Casper was really in a hurry and wanted to use the squat rack for some serious next level arm pumping. He was going to the clubz tonight. #YOLO #flex #pussydestroyer
Unfortunately, the squat rack was already taken by some weird looking specimen loaded with creepy determination.
“How many sets do you have left, brah,” asked Casper.
“….’Bout 5 sets,” replied Zack while tightening his powerlifting belt.
“Fuck. Another skinny fat 5×5 natural squat warrior,” thought Casper and headed to the dumbbell rack area.
“Damn. Another bicep curl warrior is preventing me from becoming functional and completing my 5×5 special ops mission. Fuck that guy,” thought Zack.
#squat #functional #rippetoe #realmensquat
Once you reach some decent numbers the classic 5×5 workouts start to take too much time. Yesterday, I was on reddit.com where people were complaining that when the 5×5 method is applied to 2 main barbell lifts per session, the workouts turn into a two hour marathon, and people begin to give you that: “when are you going to get out of the squat rack, you skinny fat trash?” look.
The main reason why 5×5 becomes such a burden is that when the weight is heavy (80% or more of your 1 RM), the body just needs more rest to fully recover for the next set.
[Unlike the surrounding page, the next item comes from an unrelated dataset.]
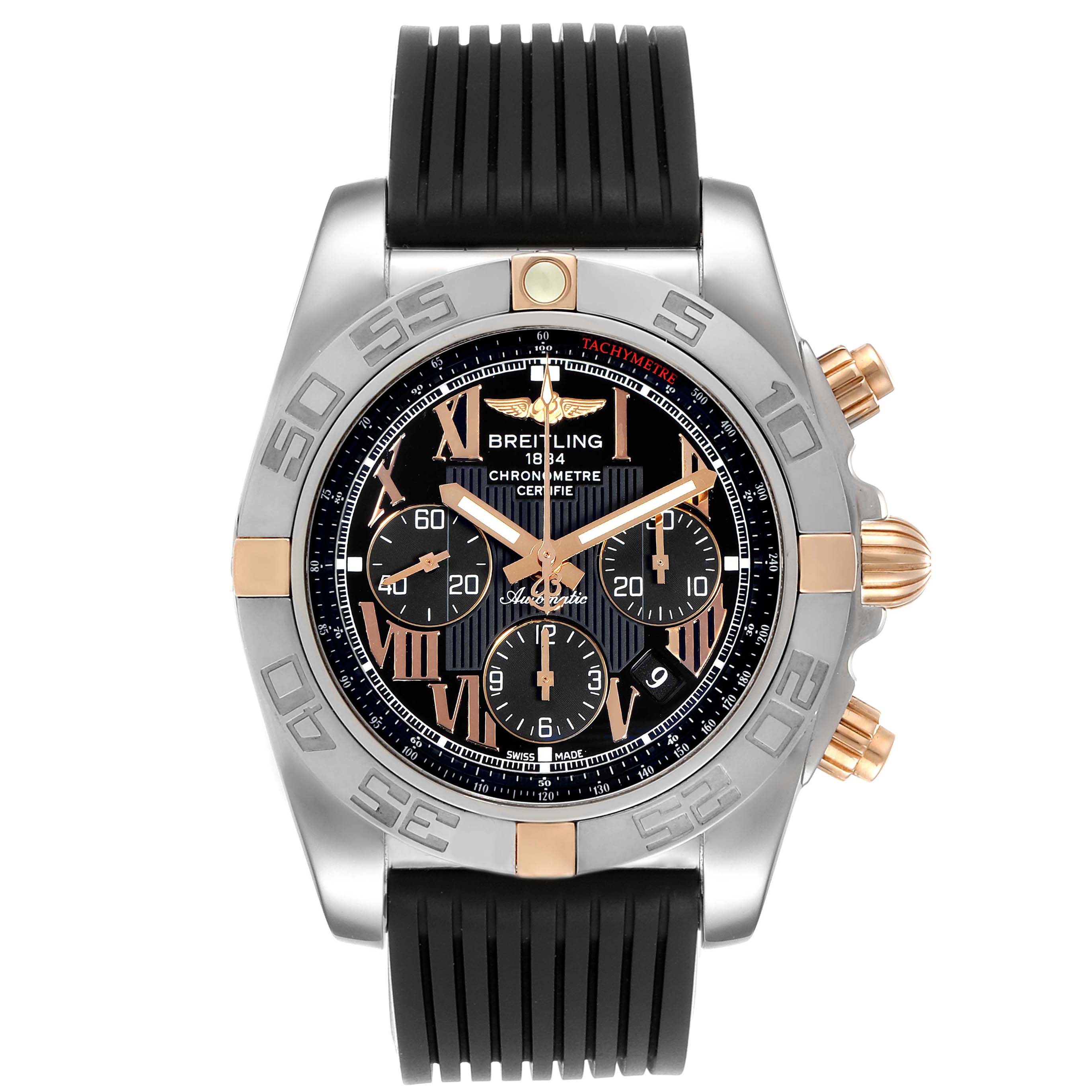 The image shows a Breitling Chronomat 1B0110 Men's Steel and Gold (two tone) Black Dial 1B0110 Men's Steel and Gold (two tone) Black Dial watch from a front angle, highlighting its black rubber strap, dial, and chronograph features.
Let’s say that your current bench press max is about 90 kg and the last time your tried it, you nearly cried. You start a 5×5 workout with something like 60 kg and at one point you reach 75-80 kg. You will probably need solid 7-9 minutes of rest to finish all your working sets.
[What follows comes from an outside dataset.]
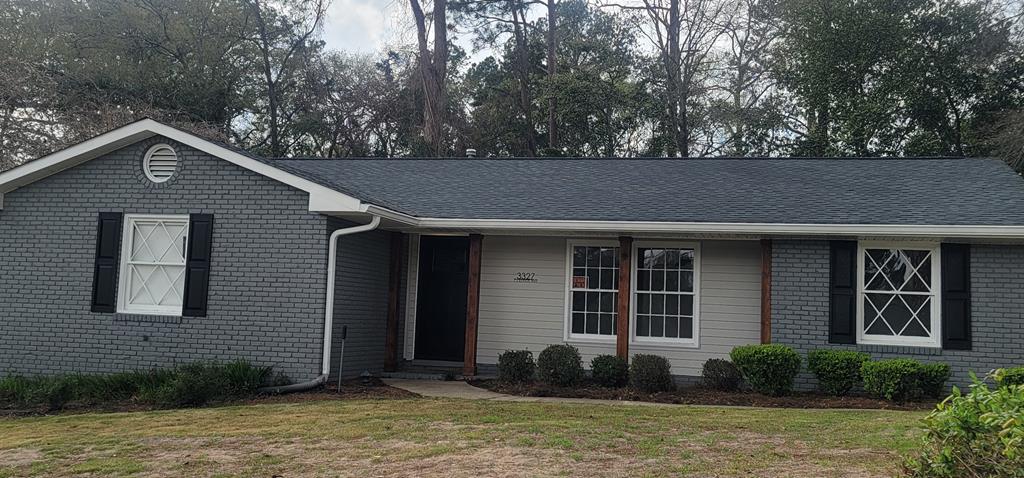 3327 College Avenue Columbus, GA 31907 - Photo 21 of 29 a front view of a house with garden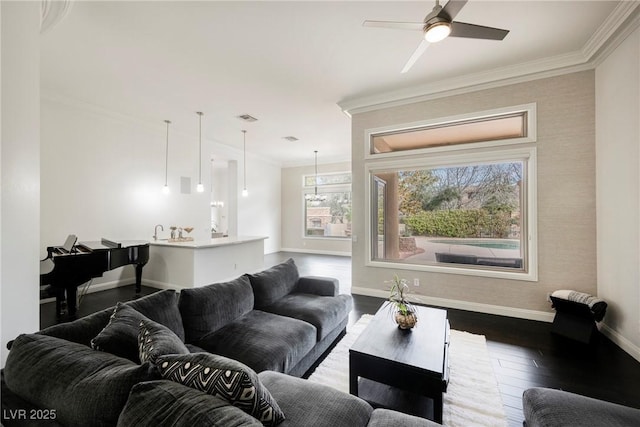 living area featuring dark wood-style flooring, crown molding, visible vents, ceiling fan, and baseboards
7 x 4 = 28 minutes of rest for just one exercise. When you add in the time you need to warm-up, let’s say 15 minutes, it all adds up to 43 minutes. Plus the time it takes you to do your working sets (5 minutes) you have a 50 minute workout, and that’s just one exercise. If you do two compound movements, you will soon need 90 minutes to finish everything. If you also perform some kind of assistance exercises, you are up for 2 hours of fun in the pit.
A lot of people like to attribute the 5×5 “magic” to people like Reg Park and Bill Starr. I don’t know who “invented” it. I wasn’t there.
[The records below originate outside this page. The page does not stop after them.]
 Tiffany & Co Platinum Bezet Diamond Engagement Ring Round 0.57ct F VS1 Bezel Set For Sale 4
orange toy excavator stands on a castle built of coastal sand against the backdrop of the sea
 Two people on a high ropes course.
What’s interesting is that many times people actually forget one thing – there is data suggesting that Reg Park did not perform sets across for his 5×5 workouts. According to some sources Reg Park did only one working set. One of his 5×5 variations was as follows:
Set 1 – 60% of the working weight; 5 reps;
Set 2 – 80% of the working weight; 5 reps;
Set 3 – same as Set 2;
Set 4 – working set – 4 or 5 reps;
Set 5 – set with a weight allowing 8-10 reps; (back off set)
This is one of the best ways to shorten a 5×5 workout. If you want to make it even shorter, you can skip set 5 and go home even earlier.